Records to use:

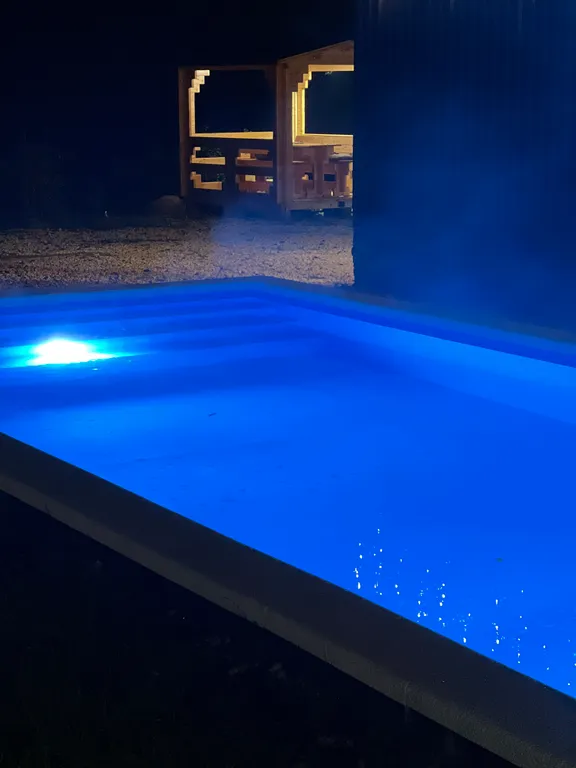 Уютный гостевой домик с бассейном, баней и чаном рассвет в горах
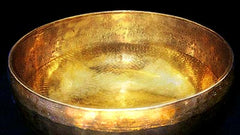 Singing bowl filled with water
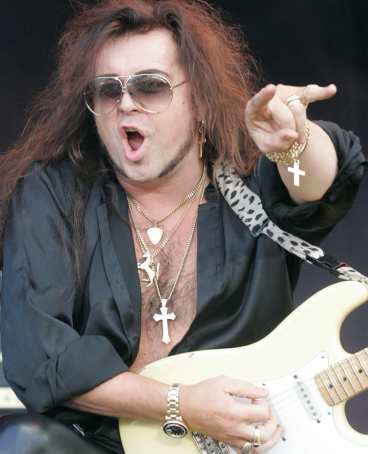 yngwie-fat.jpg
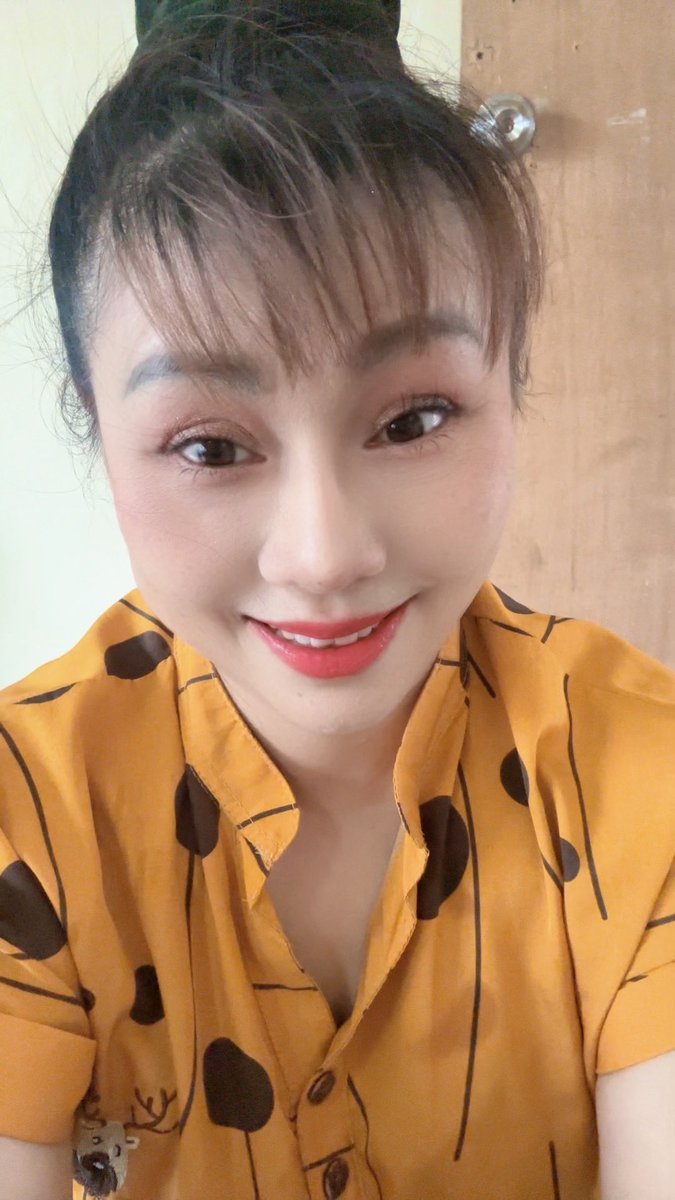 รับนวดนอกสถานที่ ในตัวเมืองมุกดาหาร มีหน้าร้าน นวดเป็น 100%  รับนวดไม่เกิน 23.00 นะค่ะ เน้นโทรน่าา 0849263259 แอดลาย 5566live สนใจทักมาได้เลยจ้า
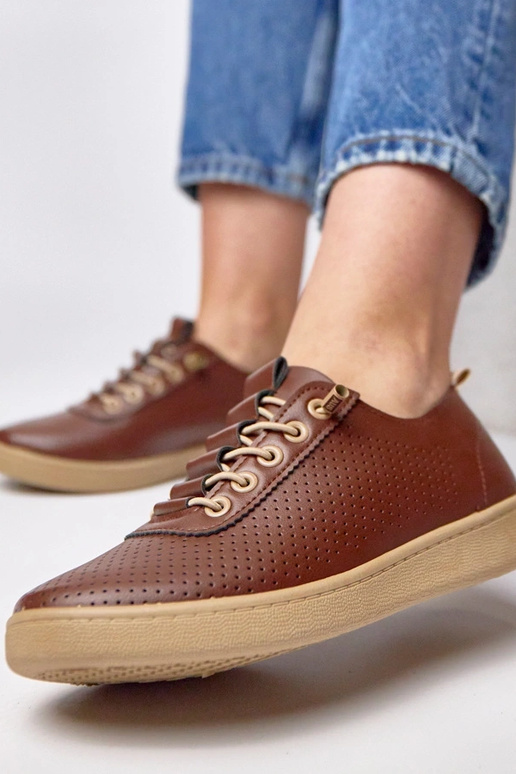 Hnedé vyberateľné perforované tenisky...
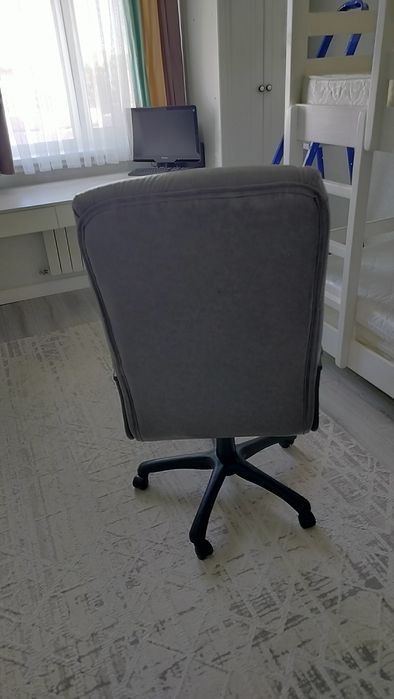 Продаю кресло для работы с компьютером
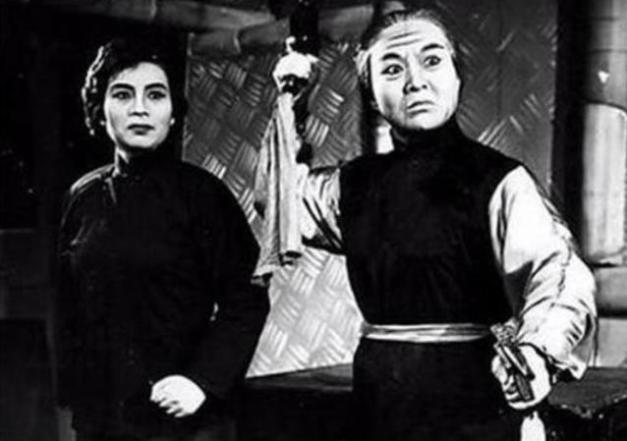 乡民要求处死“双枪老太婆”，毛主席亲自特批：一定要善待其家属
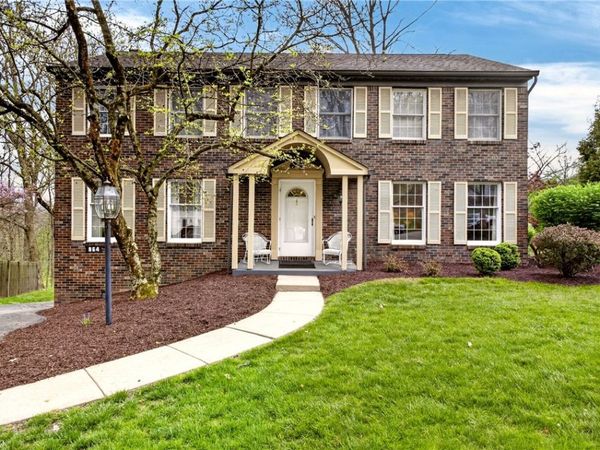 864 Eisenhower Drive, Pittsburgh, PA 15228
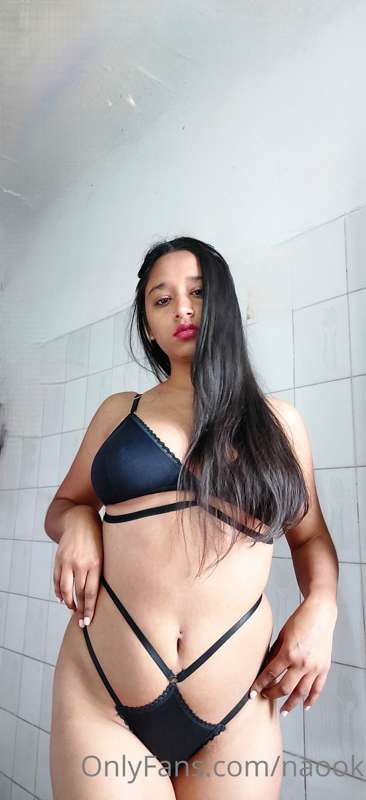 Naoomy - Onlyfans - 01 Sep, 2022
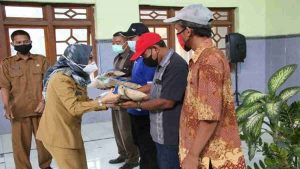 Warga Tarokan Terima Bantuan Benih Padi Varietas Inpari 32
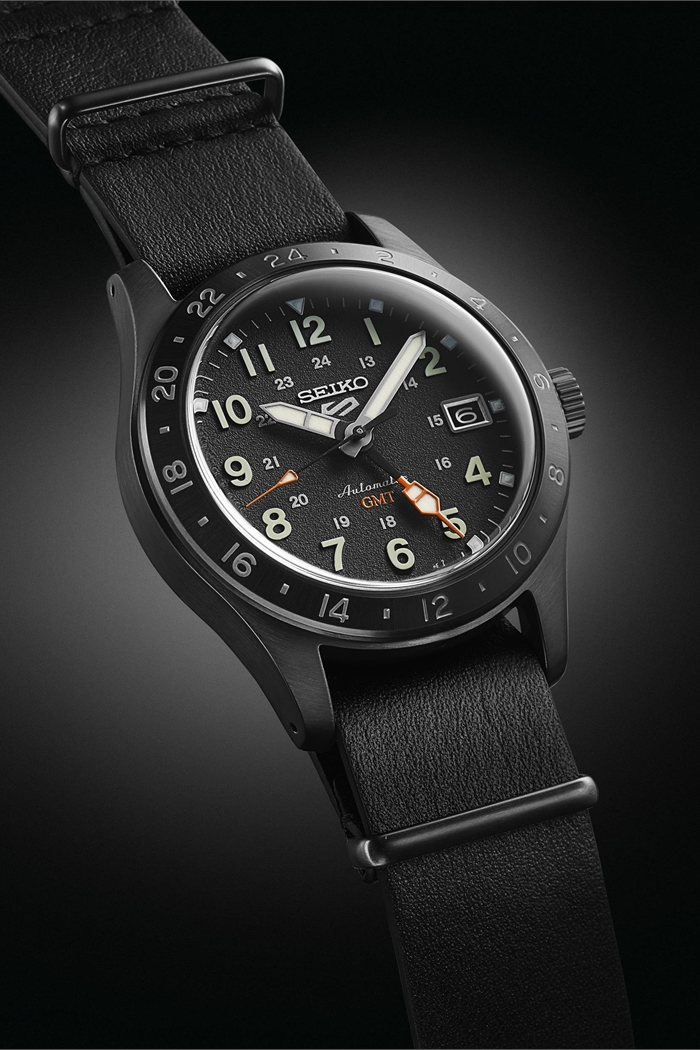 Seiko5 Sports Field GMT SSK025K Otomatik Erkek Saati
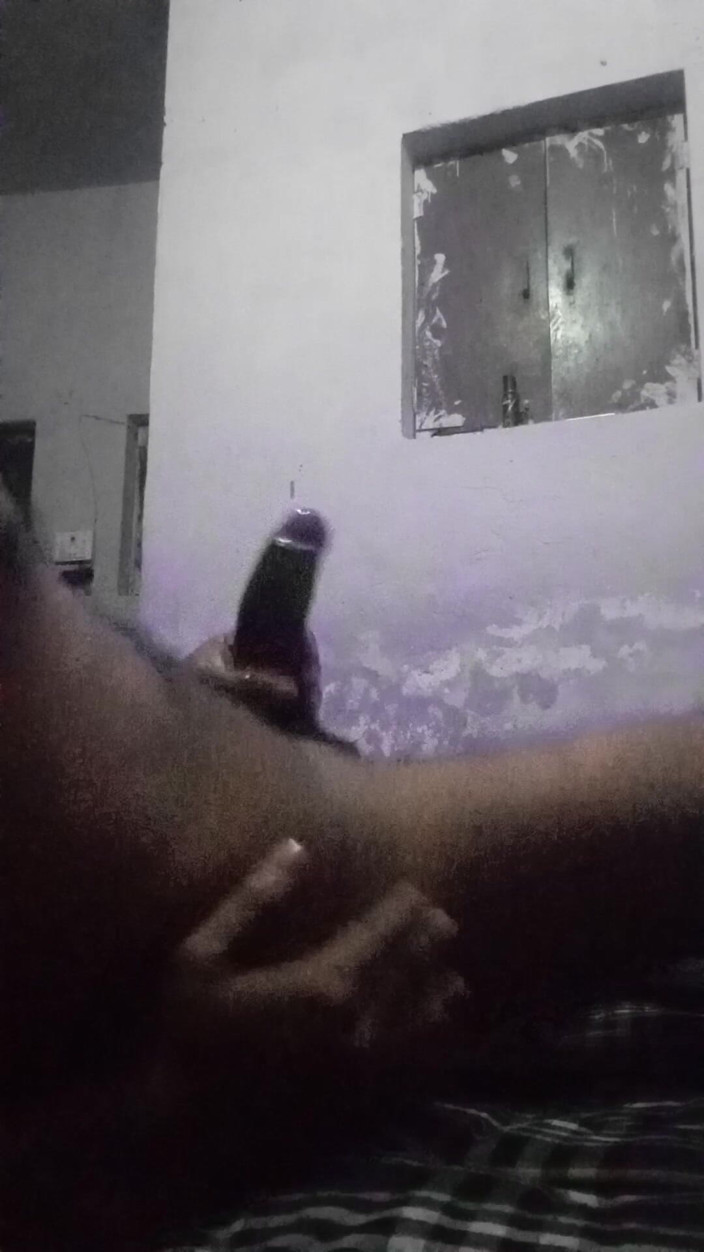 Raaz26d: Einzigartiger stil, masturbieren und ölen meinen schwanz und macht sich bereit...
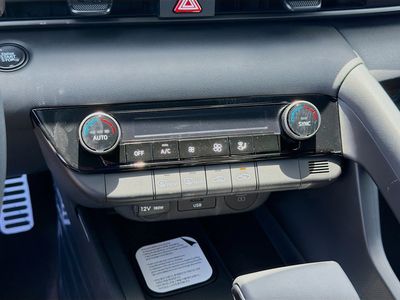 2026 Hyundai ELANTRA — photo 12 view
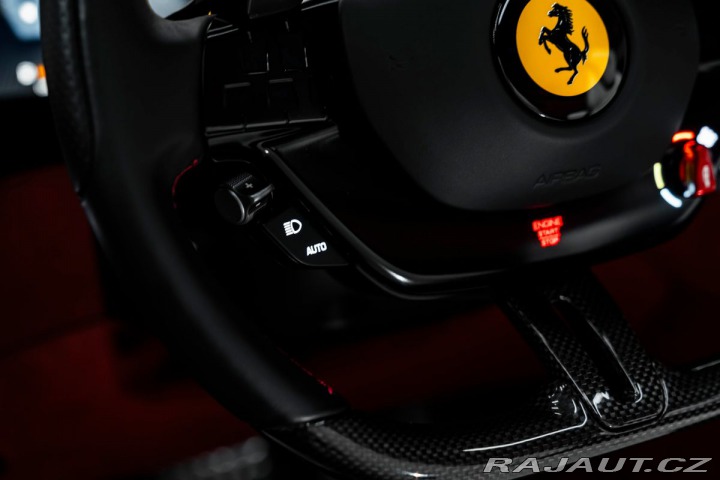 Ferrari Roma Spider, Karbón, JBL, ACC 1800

Work required:
Return the listing above in full and exactly, omitting all pictures.

Output below:
 Уютный гостевой домик с бассейном, баней и чаном рассвет в горах
 Singing bowl filled with water
 yngwie-fat.jpg
 รับนวดนอกสถานที่ ในตัวเมืองมุกดาหาร มีหน้าร้าน นวดเป็น 100%  รับนวดไม่เกิน 23.00 นะค่ะ เน้นโทรน่าา 0849263259 แอดลาย 5566live สนใจทักมาได้เลยจ้า
 Hnedé vyberateľné perforované tenisky...
 Продаю кресло для работы с компьютером
 乡民要求处死“双枪老太婆”，毛主席亲自特批：一定要善待其家属
 864 Eisenhower Drive, Pittsburgh, PA 15228
 Naoomy - Onlyfans - 01 Sep, 2022
 Warga Tarokan Terima Bantuan Benih Padi Varietas Inpari 32
 Seiko5 Sports Field GMT SSK025K Otomatik Erkek Saati
 Raaz26d: Einzigartiger stil, masturbieren und ölen meinen schwanz und macht sich bereit...
 2026 Hyundai ELANTRA — photo 12 view
 Ferrari Roma Spider, Karbón, JBL, ACC 1800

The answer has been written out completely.